**What is expected**
Please transcribe exactly the line that holds "Striated Border Olive" and all lines that follow it to the end of the records below, omitting any pictures.

**Records for the task**

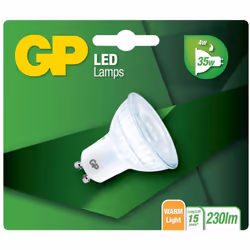 Description GP Lighting réflecteur LED GU10 verre 3,1W (35W) GP 080169 Poids : 68 grammes Largeur : 12.1 centimètres Hauteur ...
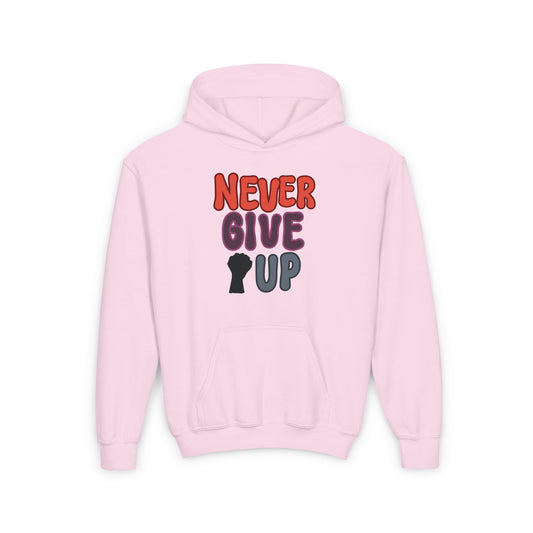 Never Give Up Youth Heavy Blend Hooded Sweatshirt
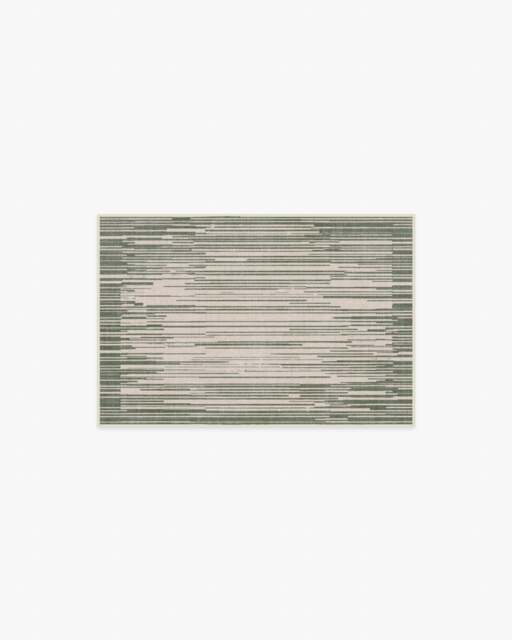 Striated Border Olive Green Rug - 60x90 - Machine Washable Area Rug - Kid & Pet Friendly - Indoor Rugs - Ruggable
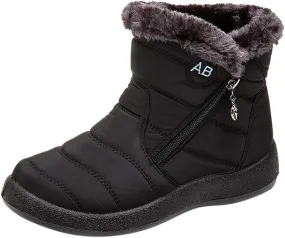 Womens Winter Boots Ankle Adults Slip On Waterproof Boots Womens Snow Boots Winter Shoes Warm Fur Lined Slip On Winter Boot Women Work Boots for Men Men's Winter Booties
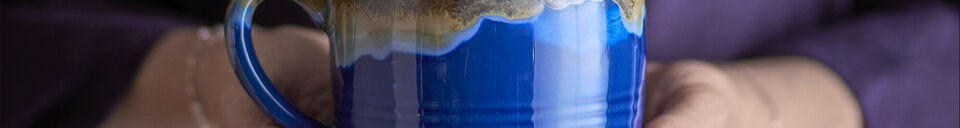 Material Details Cup set of 4 in blue stoneware Sheen
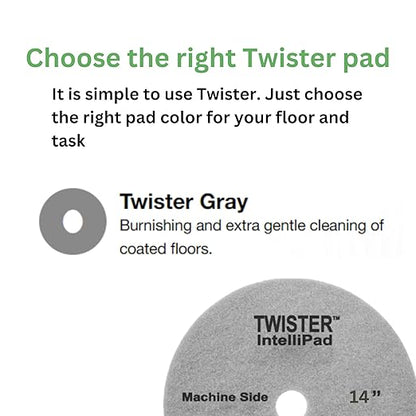 Diversey DD1229107 TASKI Twister Intellipad Diamond Coated Floor Machine Cleaning Pad, Made in USA, Burnish to High Super Gloss Finish, Grey/Brown, 14-inch (Pack of 2)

**Answer for the task**
 Striated Border Olive Green Rug - 60x90 - Machine Washable Area Rug - Kid & Pet Friendly - Indoor Rugs - Ruggable
 Womens Winter Boots Ankle Adults Slip On Waterproof Boots Womens Snow Boots Winter Shoes Warm Fur Lined Slip On Winter Boot Women Work Boots for Men Men's Winter Booties
 Material Details Cup set of 4 in blue stoneware Sheen
 Diversey DD1229107 TASKI Twister Intellipad Diamond Coated Floor Machine Cleaning Pad, Made in USA, Burnish to High Super Gloss Finish, Grey/Brown, 14-inch (Pack of 2)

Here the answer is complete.